As you probably know, turbine engines have a number of operating limitations including rpm, pressure and internal temperature. Each limitation is critical for safe engine operation and long engine life, but in a free turbine engine like a PT6 it is temperature that caps power output. Because the internal temperature of the hot gases flowing over the turbine sets the maximum power output of the engine, it is said to have a certain "thermodynamic rating," meaning that it is capable of delivering that much power at its maximum inter-turbine temperature (ITT).
However, other parts of the engine -- particularly the gearbox that reduces turbine rpm to a value usable by a propeller -- often have a maximum rating lower than the thermodynamic potential of the engine. Limiting power to the propeller to match the capability of the gearbox or to the ability of the airplane to use the power is what is meant by flat-rating an engine. In other words, the full potential of the engine at low altitudes is restrained to suit the gearbox and airframe, but that reserve of power becomes available at higher altitudes for faster climb and cruise.
The venerable PT6 turboprop engine is divided into two main sections, one to generate the hot high-pressure gas stream and another that captures the energy in that gas to turn the propeller. The power producing part of the engine is not coupled directly to the propeller, and that is why it is called a "free turbine" design.

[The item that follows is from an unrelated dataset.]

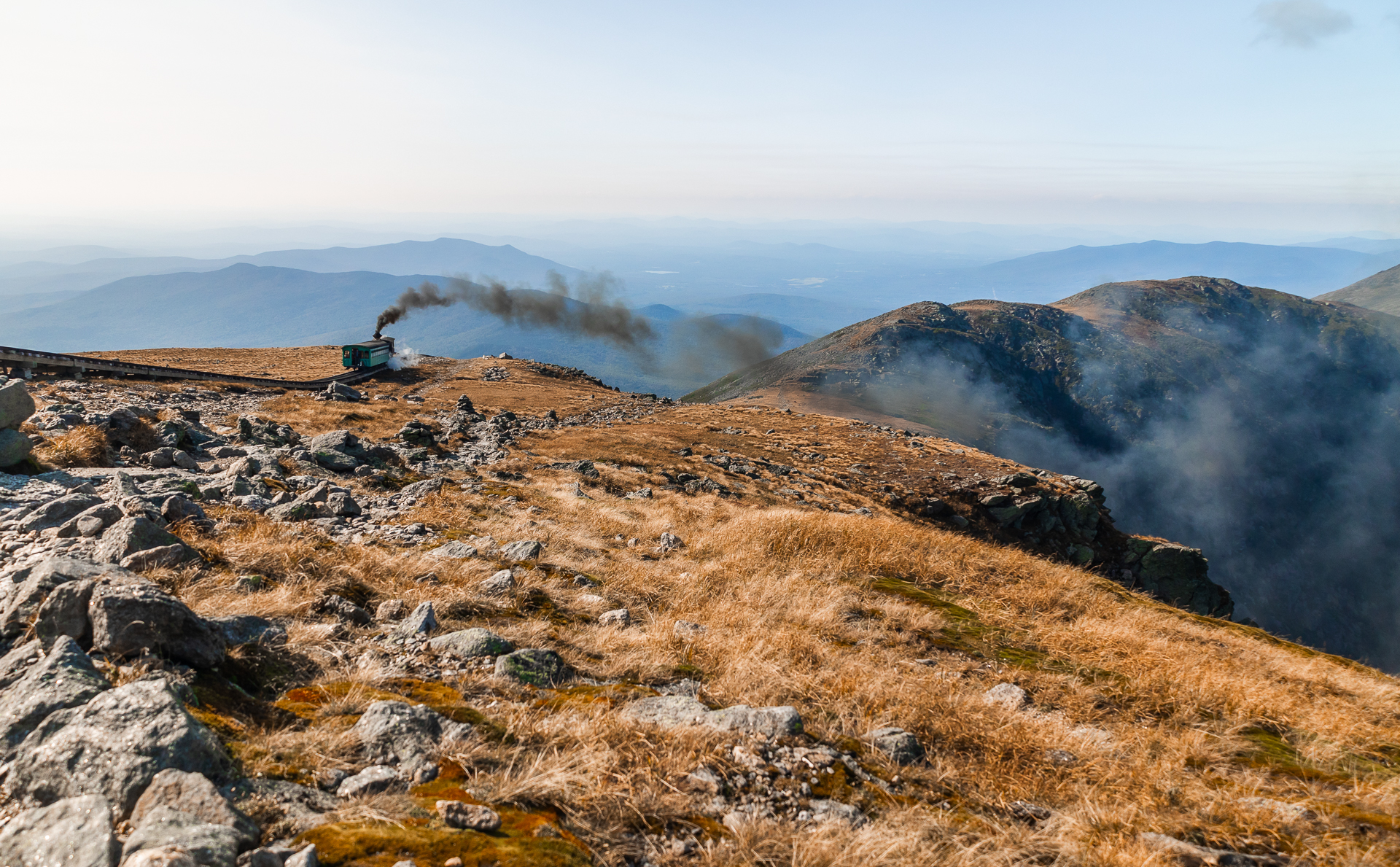 Photo showing The Cog Railway climbing Mount Washington in White Mountain National Forest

The way a PT6 operates is that air is drawn into the rear of the engine and compressed through multiple stages as the air flows forward. Beyond the compressor is the combustion section where fuel is sprayed into the compressed air and ignited. The rapidly expanding gas caused by the fire surges forward over turbines that are connected to the compressor sections so the whole process of compression, combustion and hot gas generation can be maintained.

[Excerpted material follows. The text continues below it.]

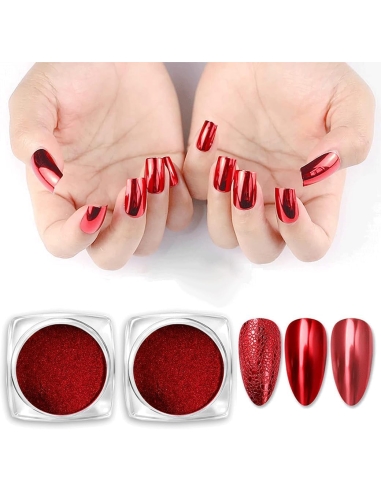 Red Chrome Nails Powder|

The hot exhaust coming out of the gas generator section of a PT6 is analogous to the exhaust blast of a jet engine. But instead of using the exhaust stream to propel the airplane, the gases are forced over a separate turbine in the front of the PT6 engine. That power turbine is connected to the gearbox that reduces the turbine speed down to propeller rpm, and the gases then exit the exhaust stacks at the front of the engine. Because there is no mechanical link between the two sections of the engine a PT6 can idle with its propeller turning very slowly in the feathered position, or the prop can even be braked to a stop while the gas producing section of the engine continues to operate.
The King Air 200 really doesn't need more than the 850 shp that has been delivered to its propellers since the very first model, but it can use as much of that power as possible all the way up to its ceiling of 35,000 feet. The PT6A-42 engine in the previous model of the 200 can deliver maximum cruise power up to altitudes in the high teens, depending on air temperature, but above that, climb rate and cruise speed peak and then begin to slow. The engine in the new B200GT produces maximum power into the high 20s where cruise speed can be 20 or more knots faster and climb rates several hundred feet per minute higher.

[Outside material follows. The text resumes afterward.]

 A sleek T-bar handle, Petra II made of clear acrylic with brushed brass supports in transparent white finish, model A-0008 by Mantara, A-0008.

To get this improvement at high altitude Pratt took the gas generator part of the PT6A-60A engine that powers the bigger King Air 350 with 1,050 shp rating and mated it to the gearbox section of the Dash 42 engine in the previous model of the 200. The new engine, dubbed a PT6A-52, is still limited, or flat rated, to 850 shp at the propeller, but the engine has the thermodynamic ability to produce well over 1,000 shp.
The reason you need to start with more power potential at takeoff than you can use is that as the air thins at altitude, power drops off. The compressor section of a turbine engine has a finite ability to compress air to the necessary value. With the air becoming less dense as you climb -- the atmosphere loses half of its density by 18,000 feet -- the compressor simply can't deliver as much air by weight to the combustion section. And the air coming out of the compressor is hotter and thus it burns hotter, so the engine temperature limits are reached with less punch from the hot gases out of the combustor. The result is power drops off with altitude.
The bottom line is that the new Dash 52 engine in the B200GT leaves the runway with loads of power potential in reserve, and that potential is converted to airspeed and climb up high. Because both sections of the new engine have long track records in the King Air fleet they can enter service with a full 3,600-hour overhaul interval while an all-new engine would need to demonstrate its reliability over time. The Dash 52 engine was initially reserved for new production, but in the past few weeks Blackhawk has received an STC to install the engine on existing King Air 200s with no requirement for other airframe modifications. A flat-rated Dash 61 engine is also available for retrofit as part of a Raisbeck modification package.
Because the big changes in the B200GT are under the cowling it's very difficult to identify the airplane compared to previous B200 models. The only external clue -- other than the 200GT graphics -- for real King Air experts is the shape of the exhaust stacks, which are now virtually identical to those on the bigger model 350. But inside the B200GT are several important improvements borrowed from the 350, including newly styled seats with more comfort and adjustments; cabin sidewalls with integrated armrests that make the cabin functionally wider; stronger and more durable tables between the seats; and tuned dynamic vibration absorbers and better sound insulation system.